Checking for lice often is vital, especially if someone is experiencing itching on the scalp, because not everyone will show outward signs of infestation even if they have it.
You or someone you know may have lice, so it’s best to be checked out by a doctor if you notice any of the telltale signs.
How to get rid of lice in black people’s hair?
Head lice is an active infestation that necessitates treatment for people who have been diagnosed. All members of the household and close contacts should be tested and treated if infected.
As a precaution, some specialists advise treating those who share a bed with an infected person.
Pediculicides are medications used to kill lice, and some also have an ovicidal effect, i.e. killing eggs. For drugs that do not have a substantial ovicidal action, retreatment may be required.
Additional precautions, such as cleaning clothing and bedding, can be used in conjunction with medication, but they are not usually required.
It is critical to follow the directions on the prescription label and to avoid washing or conditioning the hair before or after treatment.
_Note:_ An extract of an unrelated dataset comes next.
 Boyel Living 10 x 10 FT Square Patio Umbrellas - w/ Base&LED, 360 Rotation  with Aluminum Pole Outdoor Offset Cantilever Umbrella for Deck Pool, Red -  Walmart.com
If lice remain after treatment, speak with a healthcare provider about alternate pharmaceutical alternatives.
Nit combing after treatment, as well as continuing to check for lice in the following weeks, can help to reduce the likelihood of reinfestation.
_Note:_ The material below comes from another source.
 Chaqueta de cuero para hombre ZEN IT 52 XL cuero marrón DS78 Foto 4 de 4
It may be important to retreat in order to destroy any remaining hatched lice before they lay fresh eggs.
It is completely untrue that lice cannot infest black people. Compared to people of other racial or ethnic origins, studies have indicated that African-Americans and people of African heritage have a considerably lower prevalence of head lice.
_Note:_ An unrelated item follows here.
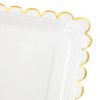 Juvale 48 Pack Square White and Gold Paper Plates with Foil Scalloped Edges for Wedding, Bridal Shower, Birthday, 9 In - 4 of 4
However, this does not imply that they are immune. It is crucial to keep in mind that nits do not always indicate an active infestation, and that effective preventative and treatment techniques should be utilized to fight lice infestations in all types of hair.
Do lice jump like fleas?
No, lice do not jump like fleas. Lice are wingless insects that have six legs, each equipped with claws, which enable them to cling tightly to hair shafts and avoid detection. Head lice move by crawling and are transmitted through close personal contact, or by sharing combs, brushes, hats, and other personal items.
Do lice like clean hair?
Lice, contrary to popular opinion, do not care how clean your hair is. They can infest any head, regardless of hair quality or cleanliness. The cleanliness of one’s hair has little effect on whether or not one is visited by lice; rather, the warmth and moisture of the scalp are what draw them in.
Do lice have wings?
No, lice do not have wings. Head lice, scientifically known as Pediculus humanus capitis, are wingless insects.